__PROMPT__
Set down word for word the lines that begin the entries and run through the line containing "Vintage 1960s blue". Give nothing further.

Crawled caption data
----
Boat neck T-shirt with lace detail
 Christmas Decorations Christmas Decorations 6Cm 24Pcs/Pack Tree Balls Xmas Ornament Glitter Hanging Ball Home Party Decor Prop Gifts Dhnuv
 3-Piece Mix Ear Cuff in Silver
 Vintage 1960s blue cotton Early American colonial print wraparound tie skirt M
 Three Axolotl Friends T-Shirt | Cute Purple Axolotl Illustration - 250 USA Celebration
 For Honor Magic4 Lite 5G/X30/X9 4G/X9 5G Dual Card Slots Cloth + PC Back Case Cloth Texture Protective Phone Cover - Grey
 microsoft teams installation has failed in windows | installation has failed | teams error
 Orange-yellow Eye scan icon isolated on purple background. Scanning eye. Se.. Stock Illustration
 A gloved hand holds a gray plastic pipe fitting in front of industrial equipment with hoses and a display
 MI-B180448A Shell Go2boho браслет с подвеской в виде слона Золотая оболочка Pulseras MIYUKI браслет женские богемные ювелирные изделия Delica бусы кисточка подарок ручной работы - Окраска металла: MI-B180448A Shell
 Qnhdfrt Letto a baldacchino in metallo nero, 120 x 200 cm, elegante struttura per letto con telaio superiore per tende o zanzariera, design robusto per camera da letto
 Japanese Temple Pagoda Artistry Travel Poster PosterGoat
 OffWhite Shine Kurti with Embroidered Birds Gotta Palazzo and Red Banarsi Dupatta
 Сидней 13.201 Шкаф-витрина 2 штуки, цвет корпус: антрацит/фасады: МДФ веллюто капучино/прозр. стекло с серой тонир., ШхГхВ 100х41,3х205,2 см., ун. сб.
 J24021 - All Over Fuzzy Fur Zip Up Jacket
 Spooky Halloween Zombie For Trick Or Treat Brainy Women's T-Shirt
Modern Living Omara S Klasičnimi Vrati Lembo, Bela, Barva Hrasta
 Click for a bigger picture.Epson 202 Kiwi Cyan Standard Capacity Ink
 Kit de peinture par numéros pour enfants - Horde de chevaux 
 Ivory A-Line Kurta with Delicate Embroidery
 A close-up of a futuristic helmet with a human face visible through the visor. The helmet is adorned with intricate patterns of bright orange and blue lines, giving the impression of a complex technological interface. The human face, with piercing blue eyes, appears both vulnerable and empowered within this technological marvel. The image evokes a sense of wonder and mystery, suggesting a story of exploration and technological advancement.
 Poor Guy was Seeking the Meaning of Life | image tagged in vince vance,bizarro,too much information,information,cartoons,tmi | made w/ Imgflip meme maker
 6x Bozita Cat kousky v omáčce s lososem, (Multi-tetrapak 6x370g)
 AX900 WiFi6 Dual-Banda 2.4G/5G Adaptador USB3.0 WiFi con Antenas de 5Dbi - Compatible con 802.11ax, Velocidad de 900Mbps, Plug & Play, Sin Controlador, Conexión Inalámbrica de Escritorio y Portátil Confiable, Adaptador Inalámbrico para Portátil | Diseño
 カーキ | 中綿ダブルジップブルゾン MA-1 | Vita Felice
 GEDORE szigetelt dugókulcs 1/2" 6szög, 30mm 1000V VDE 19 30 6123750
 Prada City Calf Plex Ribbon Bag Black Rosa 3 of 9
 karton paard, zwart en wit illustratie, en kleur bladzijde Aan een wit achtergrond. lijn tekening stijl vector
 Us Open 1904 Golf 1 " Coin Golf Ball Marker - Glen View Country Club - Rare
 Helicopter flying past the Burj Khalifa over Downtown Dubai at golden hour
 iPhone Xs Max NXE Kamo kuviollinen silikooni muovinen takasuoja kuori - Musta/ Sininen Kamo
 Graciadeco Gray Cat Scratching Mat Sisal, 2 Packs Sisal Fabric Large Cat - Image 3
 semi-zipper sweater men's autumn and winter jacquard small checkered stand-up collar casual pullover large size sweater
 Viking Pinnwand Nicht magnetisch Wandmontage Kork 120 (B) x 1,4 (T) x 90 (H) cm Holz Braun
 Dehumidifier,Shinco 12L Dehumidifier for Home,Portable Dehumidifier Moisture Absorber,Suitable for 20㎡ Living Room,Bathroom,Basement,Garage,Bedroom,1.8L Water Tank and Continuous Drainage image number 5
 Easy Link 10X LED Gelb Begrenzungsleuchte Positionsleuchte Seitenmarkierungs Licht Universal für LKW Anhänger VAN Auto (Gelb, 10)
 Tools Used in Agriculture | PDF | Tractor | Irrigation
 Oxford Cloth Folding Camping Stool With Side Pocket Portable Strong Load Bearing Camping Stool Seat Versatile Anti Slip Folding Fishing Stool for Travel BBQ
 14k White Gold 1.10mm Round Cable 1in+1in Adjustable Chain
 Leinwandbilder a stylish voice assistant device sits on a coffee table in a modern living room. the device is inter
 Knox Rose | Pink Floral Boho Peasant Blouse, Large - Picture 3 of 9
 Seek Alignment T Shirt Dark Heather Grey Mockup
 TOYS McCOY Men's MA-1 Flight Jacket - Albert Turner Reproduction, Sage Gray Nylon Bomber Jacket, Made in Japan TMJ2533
----
__ANSWER TO THE PROBLEM__
Boat neck T-shirt with lace detail
 Christmas Decorations Christmas Decorations 6Cm 24Pcs/Pack Tree Balls Xmas Ornament Glitter Hanging Ball Home Party Decor Prop Gifts Dhnuv
 3-Piece Mix Ear Cuff in Silver
 Vintage 1960s blue cotton Early American colonial print wraparound tie skirt M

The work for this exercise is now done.